Like the separate local gild privileges, the local town privileges still maintained themselves unimpaired; the most that could be gained by the electoral government was, that the burgesses of other Brandenburg towns should be treated a little better than men from Stettin or Breslau. It needed an ordinance of the prince in 1443(11*) to open the Frankfurt Leather Fair to the Berlin shoemakers; and the Elector added, apologetically, that this should not prejudice the claims of the shoemakers of other towns who had not yet frequented the Frankfurt fair. The surrender of inheritances by one town of the Mark to another, without the enormous withdrawal-charges hitherto made, was the gradual result of treaties between the towns themselves. As late as 1481 the men of Spandau introduced a high withdrawal tax, in order to prevent their rich men from trying to get burgess-rights in Berlin and transferring themselves thither.(12*)Thus the question at issue was not, at the outset, whether the various town privileges should be blended in one body of rights enjoyed equally by every citizen of the territory, but simply whether the princely government should secure a moderate increase of its power as against each particular town. Efforts in this direction are to be seen in the approval by the prince of the town councillors, the enquiries into their administration, beginning about 1600, and the practice of granting special privileges and concessions. This last had gained a firm foothold from about 1500; and in some respects it prepared the way for, and helped to create, that right of issuing general ordinances which was recognized as belonging to the prince in the seventeenth and eighteenth centuries. The charters of privilege with regard to markets and mills, apothecaries, printers, copper-hammers, paper mills, and the like, the concessions made to persons establishing industries in connection with their estates, the personal permits issued to individual artisans and dealers of all sorts, allowing them to carry on their business without being members of a gild, - these were all mere inroads by the prince into the exclusive town economy; and yet, if they were only numerous enough, they necessarily made the territorial authority, rather than the town council, the chosen guide of the people in its economic life.

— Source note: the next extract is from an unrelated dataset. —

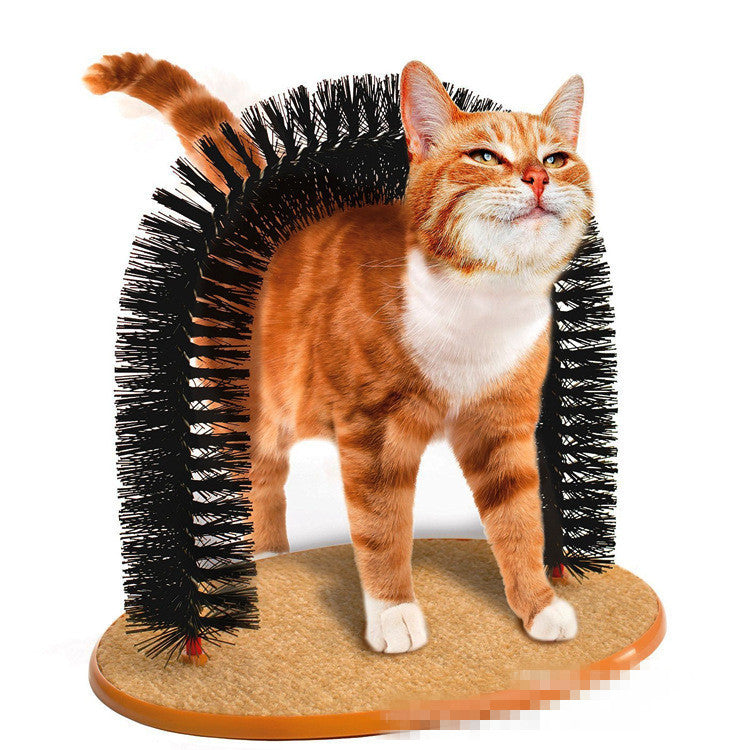 Cat Bristles Brush Scratching Device Cat Scratching Cat Toys Pet Supplies Dog Arch Thick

But the princely power not only obtained an increase of its influence in these individual cases; it had the same experience more widely, in its character of mediator and peacemaker.

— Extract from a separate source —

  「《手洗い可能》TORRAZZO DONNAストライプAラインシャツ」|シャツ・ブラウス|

Abundant opportunity was presented for its intervention by the conflicts between town and country, which were especially bitter in the northeast of Germany. The old regulation of the town market, the mileright, the prohibition of industry in the country, the obligation imposed, if possible, by every town upon the people of the vicinity to carry thither all their produce and buy there all they needed, - all this gave frequent occasion for intervention. The proceedings of the territorial assemblies from the fifteenth to the seventeenth centuries in Brandenburg, Pomerania, and Prussia are largely occupied with matters of this sort. The rural districts, and the squires (die Ritterschaft) in their name, complain that the countryman is shamefully cheated when he comes to sell his corn, wool, and cattle in the neighbouring town, that price-lists are drawn up without the assistance of representatives of the squires, that they are overreached in weight and measure, that the craftsmen unite against them, that countrymen are prevented from selling to strangers and dealers at their own doors, that all the legislation as to markets and forestalling is devised to their hurt, as in the rules against Scotch and Nuremberg peddlers, that the towns receive runaway peasants, without license from their lords, that the gilds want to pursue concealed craftsmen in the country without paying any regard to the court of the lord of the manor (das Gericht des Gutsherrn), that by the prohibition of brewing in the country peasants and knights are compelled to buy beer in the towns and are there overcharged, that people have to make payments in barley when it would be more profitable to export it, and so on, and so on.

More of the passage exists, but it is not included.